Body parts of Jamal Khashoggi, a long-time critic of the Saudi royal family, were reportedly found at the home of the Saudi consul general on Tuesday. (Photo: Twitter)

This is a developing story and this post may be updated.

In a speech before the Turkish Parliament Tuesday, President Recep Tayyip Erdogan called journalist Jamal Khashoggi's murder "a political murder" that was planned in advanced and demanded to know the whereabouts of his body, laying out a number of urgent questions three weeks after the writer was killed at the Saudi consulate in Istanbul.

"Why was the 15-man Saudi team in Istanbul on the day of the murder?" he asked. "On whose orders? We are seeking answers. Why was the consulate not opened to investigators immediately? When the murder was so clear, why were there so many different statements given by Saudis?
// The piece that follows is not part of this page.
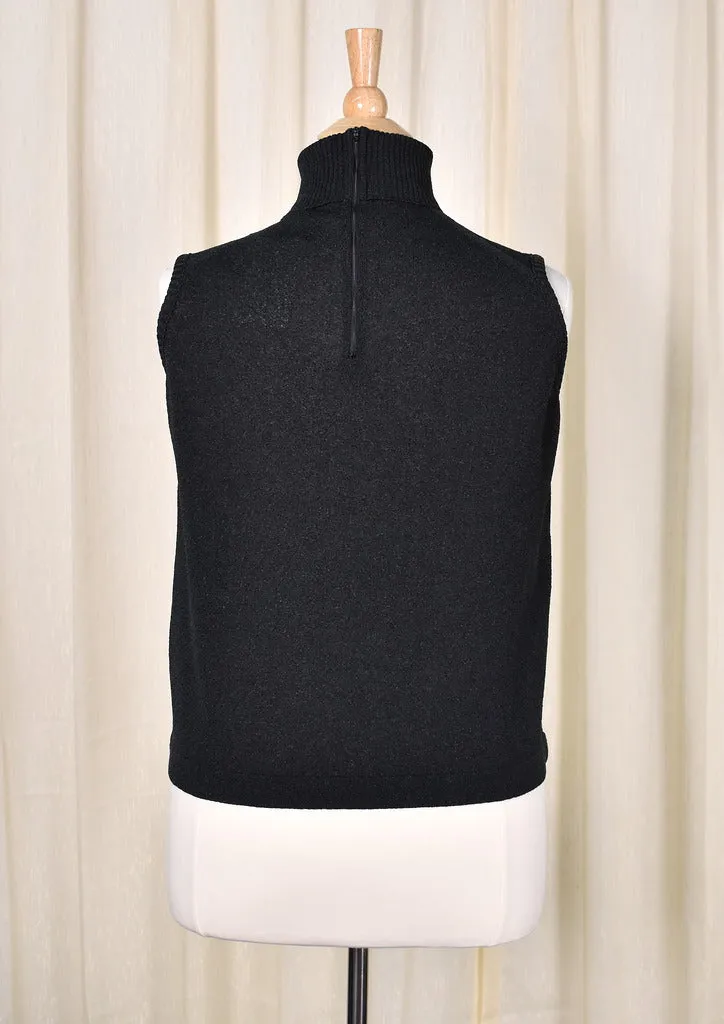 1960s Vintage Blk Sleeveless Turtleneck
Why has the body of someone, the killing of whom has been officially admitted, not been found?"

Erdogan called Khashoggi's death a "ferocious" murder and suggested that Saudi Crown Prince Mohammed bin Salman (MbS) is hiding information about the killing—noting that he believes Saudi King Salman to be sincere in his country's investigation into the case, but making no mention of the prince.

But despite promoting his address as one that would reveal the "full naked truth" about the killing, Erdogan made no mention of what are believed to be the most horrifying pieces of evidence, including audio and video recordings reportedly held by Turkish authorities that confirm that Khashoggi was tortured, killed, and then possibly dismembered.
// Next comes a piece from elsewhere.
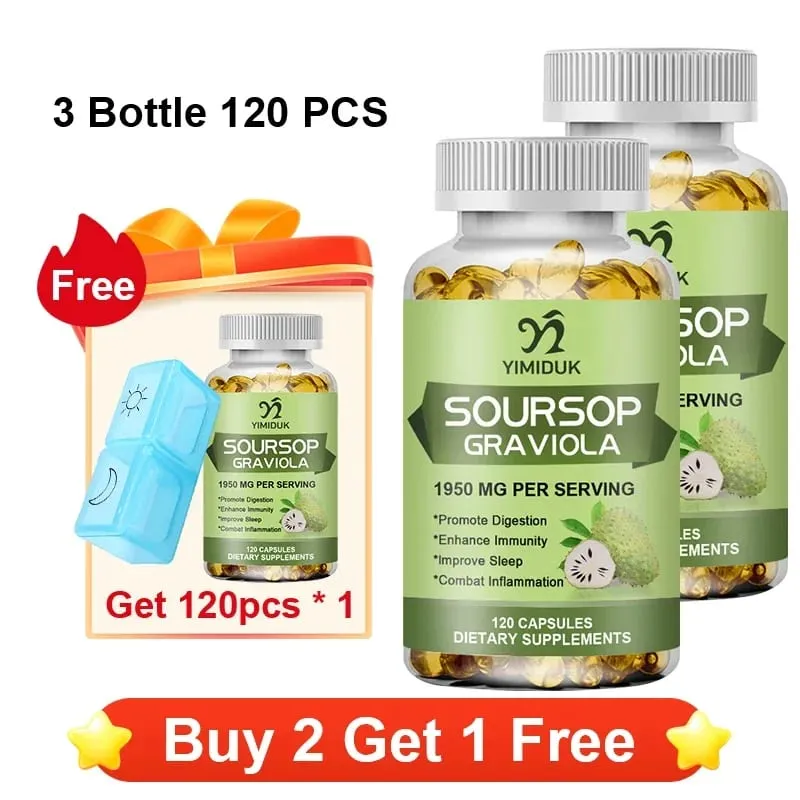Le capsule di Graviola Soursop da 1950 mg supportano una digestione sana del sistema immunitario, un sonno migliore e un'attività antiossidante naturale — image 12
Sparking fresh rumors and intrigue about the the murder case that has caused international outrage, Sky News reported soon after Erdogan's speech that Khashoggi's body, or parts of it, had been found at the home of the Saudi consul general in Istanbul—though other outlets did not verify the claims.

Sources reportedly told the outlet that the body parts had been found in the garden of the home, that Khashoggi's face had been "disfigured," and his body had been "cut up."

Erdogan's speech follows weeks of denial by Saudi officials that the kingdom had anything to do with Khashoggi's killing, which took place October 2 after the Washington Post columnist—and fierce critic of his home country of Saudi Arabia—visited the country's consulate in Istanbul, never to be seen alive again. Last Friday, the Saudis finally admitted that Khashoggi had been killed by more than a dozen agents sent by the government, but said he had died as the result of a fist fight.

Saudi Arabia's obfuscation—and the failure of many global leaders, including President Donald Trump, to hold the kingdom accountable—has angered human rights groups as well as the Turkish government.

The reported discovery of Khashoggi's body further calls into question the Saudis' version of events—and supports Turkey's earlier reports of the journalist's gruesome murder.